In West Indies, the trademark Opposer filed a trademark opposition against Applicant’s mark NIKKI VS NICOLE for dresses, shirts, shorts, and swimwear in International Class 25.   The mark was opposed based upon a likelihood of confusion under Trademark Act Section 2(d) based on Opposer’s six trademark registrations for marks containing the words NIKKI BEACH for a wide variety of goods and services as well as Opposer’s alleged common law mark NIKKI BEACH for “clothing, sun care products and related merchandise that have included fragrances.”  The Opposer cited as additional grounds that its NIKKI BEACH mark had become famous and that Applicant’s mark would dilute the distinctive value of Opposer’s marks.  Applicant filed an Answer but neither side submitted any evidence or took testimony during their trial period.  Opposer did, however, file a brief in the case.
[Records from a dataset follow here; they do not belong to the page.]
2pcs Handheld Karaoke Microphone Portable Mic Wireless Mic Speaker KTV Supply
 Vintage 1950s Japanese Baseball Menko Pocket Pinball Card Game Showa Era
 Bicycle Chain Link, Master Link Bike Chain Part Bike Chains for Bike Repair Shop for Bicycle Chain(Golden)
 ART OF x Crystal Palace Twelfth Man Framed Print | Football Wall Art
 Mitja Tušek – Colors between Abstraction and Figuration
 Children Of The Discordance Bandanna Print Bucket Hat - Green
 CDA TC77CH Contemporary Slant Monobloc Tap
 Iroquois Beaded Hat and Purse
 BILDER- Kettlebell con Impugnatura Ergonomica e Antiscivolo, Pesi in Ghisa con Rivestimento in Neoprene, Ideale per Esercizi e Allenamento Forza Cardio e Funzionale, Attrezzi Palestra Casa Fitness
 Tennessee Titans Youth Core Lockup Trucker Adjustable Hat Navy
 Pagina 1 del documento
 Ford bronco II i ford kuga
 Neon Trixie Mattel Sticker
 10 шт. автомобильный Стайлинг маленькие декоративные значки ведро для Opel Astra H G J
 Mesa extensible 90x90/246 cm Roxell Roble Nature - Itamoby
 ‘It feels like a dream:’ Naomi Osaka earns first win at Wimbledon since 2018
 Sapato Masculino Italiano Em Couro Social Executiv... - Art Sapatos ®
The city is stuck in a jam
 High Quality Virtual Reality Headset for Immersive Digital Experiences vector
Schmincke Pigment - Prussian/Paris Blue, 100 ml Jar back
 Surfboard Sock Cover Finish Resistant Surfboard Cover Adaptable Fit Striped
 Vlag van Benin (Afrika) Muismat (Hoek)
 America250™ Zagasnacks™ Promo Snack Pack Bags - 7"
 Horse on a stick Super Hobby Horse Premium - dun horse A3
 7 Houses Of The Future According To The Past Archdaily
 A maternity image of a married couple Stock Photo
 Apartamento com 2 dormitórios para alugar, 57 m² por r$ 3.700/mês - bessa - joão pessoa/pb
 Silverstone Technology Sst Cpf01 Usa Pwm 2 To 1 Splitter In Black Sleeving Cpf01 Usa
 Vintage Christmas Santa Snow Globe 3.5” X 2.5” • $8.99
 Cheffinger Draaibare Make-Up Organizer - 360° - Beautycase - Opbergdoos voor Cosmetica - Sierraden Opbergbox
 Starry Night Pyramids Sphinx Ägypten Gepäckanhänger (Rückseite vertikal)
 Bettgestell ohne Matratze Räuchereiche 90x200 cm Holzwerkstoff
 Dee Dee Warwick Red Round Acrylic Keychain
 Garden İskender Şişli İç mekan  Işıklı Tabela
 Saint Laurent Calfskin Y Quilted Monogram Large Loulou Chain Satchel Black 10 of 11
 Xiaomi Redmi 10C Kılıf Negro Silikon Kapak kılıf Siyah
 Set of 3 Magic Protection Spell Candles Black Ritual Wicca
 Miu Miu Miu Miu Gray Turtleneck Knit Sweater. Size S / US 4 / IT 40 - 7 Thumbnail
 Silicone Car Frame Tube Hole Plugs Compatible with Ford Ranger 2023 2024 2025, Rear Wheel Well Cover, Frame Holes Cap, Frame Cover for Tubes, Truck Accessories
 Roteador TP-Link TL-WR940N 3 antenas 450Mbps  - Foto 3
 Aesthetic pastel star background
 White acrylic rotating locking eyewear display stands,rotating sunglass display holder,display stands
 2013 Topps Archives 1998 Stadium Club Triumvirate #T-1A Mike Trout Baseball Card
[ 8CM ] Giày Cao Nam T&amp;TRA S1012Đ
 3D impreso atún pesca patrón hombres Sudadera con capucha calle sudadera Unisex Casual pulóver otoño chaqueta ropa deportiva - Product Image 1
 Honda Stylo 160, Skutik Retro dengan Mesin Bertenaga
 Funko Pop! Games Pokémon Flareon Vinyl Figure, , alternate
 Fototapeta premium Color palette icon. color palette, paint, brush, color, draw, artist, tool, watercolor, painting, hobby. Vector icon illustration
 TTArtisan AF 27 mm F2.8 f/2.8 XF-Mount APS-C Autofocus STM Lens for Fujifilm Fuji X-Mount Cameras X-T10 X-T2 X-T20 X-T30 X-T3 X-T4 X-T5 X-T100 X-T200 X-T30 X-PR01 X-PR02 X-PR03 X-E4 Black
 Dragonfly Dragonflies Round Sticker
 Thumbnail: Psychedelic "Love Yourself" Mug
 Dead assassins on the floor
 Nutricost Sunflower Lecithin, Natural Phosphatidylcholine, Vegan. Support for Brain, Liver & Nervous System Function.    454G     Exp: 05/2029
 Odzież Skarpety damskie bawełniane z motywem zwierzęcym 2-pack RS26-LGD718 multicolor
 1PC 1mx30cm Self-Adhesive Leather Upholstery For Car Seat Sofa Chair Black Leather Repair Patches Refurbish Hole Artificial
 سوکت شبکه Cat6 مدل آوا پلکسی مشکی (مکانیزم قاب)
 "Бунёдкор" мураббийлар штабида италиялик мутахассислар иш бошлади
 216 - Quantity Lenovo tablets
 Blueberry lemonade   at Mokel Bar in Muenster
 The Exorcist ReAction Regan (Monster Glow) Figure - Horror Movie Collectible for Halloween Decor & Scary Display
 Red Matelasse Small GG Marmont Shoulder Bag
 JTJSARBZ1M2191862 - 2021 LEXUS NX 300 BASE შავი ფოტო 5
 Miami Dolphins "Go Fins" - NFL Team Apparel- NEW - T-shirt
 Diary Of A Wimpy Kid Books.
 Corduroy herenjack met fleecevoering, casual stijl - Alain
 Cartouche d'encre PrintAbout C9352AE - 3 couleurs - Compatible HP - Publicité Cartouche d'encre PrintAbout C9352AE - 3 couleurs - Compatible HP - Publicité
The Record on which the Board rendered its decision consisted only of the pleadings and Applicant’s trademark application.  Most importantly, Opposer’s trademark registrations were not made of record nor was there any other testimony or evidence.  In ruling against the Opposer, the Board made the following observations on how Opposer missed several opportunities to introduce its registrations into evidence.  For example:

  • opposer could have attached to its Notice of Opposition status and title copies of its registrations; or
  • a current copy of its registrations from the USPTO’s electronic database; or
  • introduced the registrations through its notice of reliance or through its witnesses during the testimony period

Although Opposer did submit copies of its registrations with its brief, the Board held that it was too late in the proceeding to do so and therefore the registrations were inadmissible.  In addition, the Board ruled that the Opposer failed to establish its standing but nonetheless recognized Opposer’s standing to bring its opposition based on admissions in Applicant’s answers.  In the end, however, Opposer’s failure to present admissible evidence of its registrations or prior use doomed its Opposition without it ever proceeding to a decision on the merits.

The lesson?  Always be sure to follow the rules as found in the Trademark Board Manual of Procedure.